Deena C. Bouknight – Contributing Writer
Women like Agnes Zachary Higgins, Eloise Griffin Frank Potts, and Arrah Belle Johnson are not in history books. They and their accomplishments may have been forgotten except for a two-year initiative to establish a Women’s History Walk, spearheaded by Barbara McRae, local historian and vice mayor of the Town of Franklin. The trail opens to the public Saturday, Oct. 27, at an official launch celebration held at 1 p.m. at the town’s gazebo on Main Street. The free and open-to-the-public event includes a “Walk in Her Steps: A Way to Bring History to Life” tours that visit the first nine stops along the trail, a trail booklet, light refreshments, and local musical talent. Someone from the project will be on hand to answer questions at each site.
A few years ago, McRae was reading a book on women’s history that included a chapter on a history walking trail. “Yes! We need one of those,” she thought. What she did not realize, she admits, is that establishing a history walking trail is “a very ambitious, very involved process.”
The Women’s History Trail Leadership Team, charged with planning, researching, and sorting out details – such as the bronze plaques designating each site – includes, besides McRae, Mary Polanski, Marty Greeble, Anne Hyder, Claire Suminski, Susan Ervin, Theresa Ramsey, and Laura Brooks. The project is part of the Folk Heritage Association of Macon County, based in Franklin.
McRae pointed out that Franklin, despite its label as a small town, includes historically significant women who made important contributions to the town and county. Potts was the first woman mayor of the town in the early 1960s. McRae said two of her great granddaughters may attend Saturday’s Women’s History Trail launch. Higgins was a musician, playing piano for silent films; she was also the first woman chosen for jury duty in Macon County in 1947.

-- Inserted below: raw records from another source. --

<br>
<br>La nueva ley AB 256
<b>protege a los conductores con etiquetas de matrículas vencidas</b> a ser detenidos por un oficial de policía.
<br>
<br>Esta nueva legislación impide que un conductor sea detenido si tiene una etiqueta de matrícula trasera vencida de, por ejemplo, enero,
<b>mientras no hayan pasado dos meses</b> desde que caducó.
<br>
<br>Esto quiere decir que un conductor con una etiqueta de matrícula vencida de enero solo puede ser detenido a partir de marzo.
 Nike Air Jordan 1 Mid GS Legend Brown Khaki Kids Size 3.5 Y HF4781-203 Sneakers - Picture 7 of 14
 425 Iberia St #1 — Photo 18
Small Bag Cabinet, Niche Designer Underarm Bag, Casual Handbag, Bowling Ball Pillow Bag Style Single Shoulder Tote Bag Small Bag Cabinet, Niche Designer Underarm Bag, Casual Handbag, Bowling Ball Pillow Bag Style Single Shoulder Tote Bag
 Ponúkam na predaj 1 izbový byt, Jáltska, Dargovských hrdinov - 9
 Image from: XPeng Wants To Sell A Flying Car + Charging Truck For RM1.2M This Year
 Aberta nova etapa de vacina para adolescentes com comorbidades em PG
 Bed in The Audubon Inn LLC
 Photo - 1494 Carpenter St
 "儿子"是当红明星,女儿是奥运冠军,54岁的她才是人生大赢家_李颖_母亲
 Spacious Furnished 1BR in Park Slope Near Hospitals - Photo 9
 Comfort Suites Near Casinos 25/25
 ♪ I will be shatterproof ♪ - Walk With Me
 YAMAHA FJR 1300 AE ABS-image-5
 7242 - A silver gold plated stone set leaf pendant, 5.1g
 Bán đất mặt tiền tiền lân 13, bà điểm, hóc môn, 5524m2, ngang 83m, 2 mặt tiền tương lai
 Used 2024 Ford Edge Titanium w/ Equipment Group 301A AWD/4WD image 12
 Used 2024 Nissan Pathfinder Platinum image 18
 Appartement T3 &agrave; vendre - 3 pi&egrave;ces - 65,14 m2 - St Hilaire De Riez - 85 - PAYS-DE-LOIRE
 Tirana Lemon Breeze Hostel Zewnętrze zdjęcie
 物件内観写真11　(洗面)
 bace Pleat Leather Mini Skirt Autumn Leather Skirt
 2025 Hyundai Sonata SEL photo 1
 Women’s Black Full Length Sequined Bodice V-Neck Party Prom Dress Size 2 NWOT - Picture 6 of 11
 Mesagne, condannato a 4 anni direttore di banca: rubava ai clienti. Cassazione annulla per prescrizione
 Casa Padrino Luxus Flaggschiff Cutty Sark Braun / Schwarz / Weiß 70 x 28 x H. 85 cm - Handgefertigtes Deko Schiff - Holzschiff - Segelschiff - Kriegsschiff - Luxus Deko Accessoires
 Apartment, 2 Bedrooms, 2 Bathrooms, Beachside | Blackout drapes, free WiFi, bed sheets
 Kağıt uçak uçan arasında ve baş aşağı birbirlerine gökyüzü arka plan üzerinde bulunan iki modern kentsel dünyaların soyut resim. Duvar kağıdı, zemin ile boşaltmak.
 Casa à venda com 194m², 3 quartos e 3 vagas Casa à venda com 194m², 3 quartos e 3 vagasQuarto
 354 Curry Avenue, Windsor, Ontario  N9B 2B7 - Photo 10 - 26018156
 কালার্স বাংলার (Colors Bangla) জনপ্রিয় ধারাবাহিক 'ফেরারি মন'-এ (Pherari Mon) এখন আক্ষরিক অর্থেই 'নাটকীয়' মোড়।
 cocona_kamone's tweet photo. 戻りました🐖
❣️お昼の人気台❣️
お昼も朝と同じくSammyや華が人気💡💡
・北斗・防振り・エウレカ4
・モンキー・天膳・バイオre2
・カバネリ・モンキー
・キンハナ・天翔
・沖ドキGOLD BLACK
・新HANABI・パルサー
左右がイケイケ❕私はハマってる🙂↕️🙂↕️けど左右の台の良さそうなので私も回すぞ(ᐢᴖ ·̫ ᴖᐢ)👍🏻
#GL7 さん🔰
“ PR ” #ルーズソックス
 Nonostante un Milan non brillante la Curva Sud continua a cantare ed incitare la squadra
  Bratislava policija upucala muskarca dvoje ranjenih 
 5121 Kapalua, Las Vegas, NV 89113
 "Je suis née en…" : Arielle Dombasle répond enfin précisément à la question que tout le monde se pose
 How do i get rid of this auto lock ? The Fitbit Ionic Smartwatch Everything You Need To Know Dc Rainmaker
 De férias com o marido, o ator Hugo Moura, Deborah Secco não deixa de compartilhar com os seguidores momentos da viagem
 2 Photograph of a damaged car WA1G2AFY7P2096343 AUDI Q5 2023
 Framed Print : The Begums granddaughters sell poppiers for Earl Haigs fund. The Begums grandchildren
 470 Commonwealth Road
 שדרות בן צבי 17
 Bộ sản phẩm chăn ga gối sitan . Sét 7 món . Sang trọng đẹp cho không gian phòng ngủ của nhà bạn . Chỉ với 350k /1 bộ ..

Blush, a new women’s boutique on Main Street, was the site of Main Street Milliners, managed by Lilly Moore in the early 1900s. Women’s hats were worn during the 19th and 20th centuries for practical and fashionable reasons. Moore, whose father owned the store, set the tone for hat fashions in Franklin, even designing and making some of the hats for the shop. Through research, the team for Women’s History Trail discovered an early postcard, circa 1908, showing a display of hats in the store’s window. Blush co-owners Brittany Murphy and Erin Moffitt said they plan on Saturday to have vintage hats on display and plenty of varying price point hats to purchase. They are both excited that the site is on the Women’s History Trail.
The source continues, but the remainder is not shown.